EXERCISE: Write out the listing beneath this instruction in its entirety, exactly as it reads.

EXERCISE MATERIAL:
▬▬▬

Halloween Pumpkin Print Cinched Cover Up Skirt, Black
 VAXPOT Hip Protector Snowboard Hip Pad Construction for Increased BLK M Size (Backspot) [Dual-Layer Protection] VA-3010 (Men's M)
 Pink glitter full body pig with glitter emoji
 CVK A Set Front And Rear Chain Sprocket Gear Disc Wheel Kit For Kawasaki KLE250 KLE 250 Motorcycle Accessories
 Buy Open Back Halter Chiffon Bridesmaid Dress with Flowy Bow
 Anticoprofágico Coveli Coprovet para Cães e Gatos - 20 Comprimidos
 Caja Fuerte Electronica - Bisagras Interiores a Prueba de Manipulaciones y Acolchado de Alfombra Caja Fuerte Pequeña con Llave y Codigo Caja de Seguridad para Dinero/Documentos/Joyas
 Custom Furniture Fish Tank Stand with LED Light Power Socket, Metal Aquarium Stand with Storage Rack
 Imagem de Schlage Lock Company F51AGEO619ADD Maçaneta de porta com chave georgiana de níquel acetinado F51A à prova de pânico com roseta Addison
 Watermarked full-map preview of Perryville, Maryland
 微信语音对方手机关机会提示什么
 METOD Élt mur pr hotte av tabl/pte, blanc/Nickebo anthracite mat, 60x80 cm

▬▬▬

RESPONSE TO THE EXERCISE:
Halloween Pumpkin Print Cinched Cover Up Skirt, Black
 VAXPOT Hip Protector Snowboard Hip Pad Construction for Increased BLK M Size (Backspot) [Dual-Layer Protection] VA-3010 (Men's M)
 Pink glitter full body pig with glitter emoji
 CVK A Set Front And Rear Chain Sprocket Gear Disc Wheel Kit For Kawasaki KLE250 KLE 250 Motorcycle Accessories
 Buy Open Back Halter Chiffon Bridesmaid Dress with Flowy Bow
 Anticoprofágico Coveli Coprovet para Cães e Gatos - 20 Comprimidos
 Caja Fuerte Electronica - Bisagras Interiores a Prueba de Manipulaciones y Acolchado de Alfombra Caja Fuerte Pequeña con Llave y Codigo Caja de Seguridad para Dinero/Documentos/Joyas
 Custom Furniture Fish Tank Stand with LED Light Power Socket, Metal Aquarium Stand with Storage Rack
 Imagem de Schlage Lock Company F51AGEO619ADD Maçaneta de porta com chave georgiana de níquel acetinado F51A à prova de pânico com roseta Addison
 Watermarked full-map preview of Perryville, Maryland
 微信语音对方手机关机会提示什么
 METOD Élt mur pr hotte av tabl/pte, blanc/Nickebo anthracite mat, 60x80 cm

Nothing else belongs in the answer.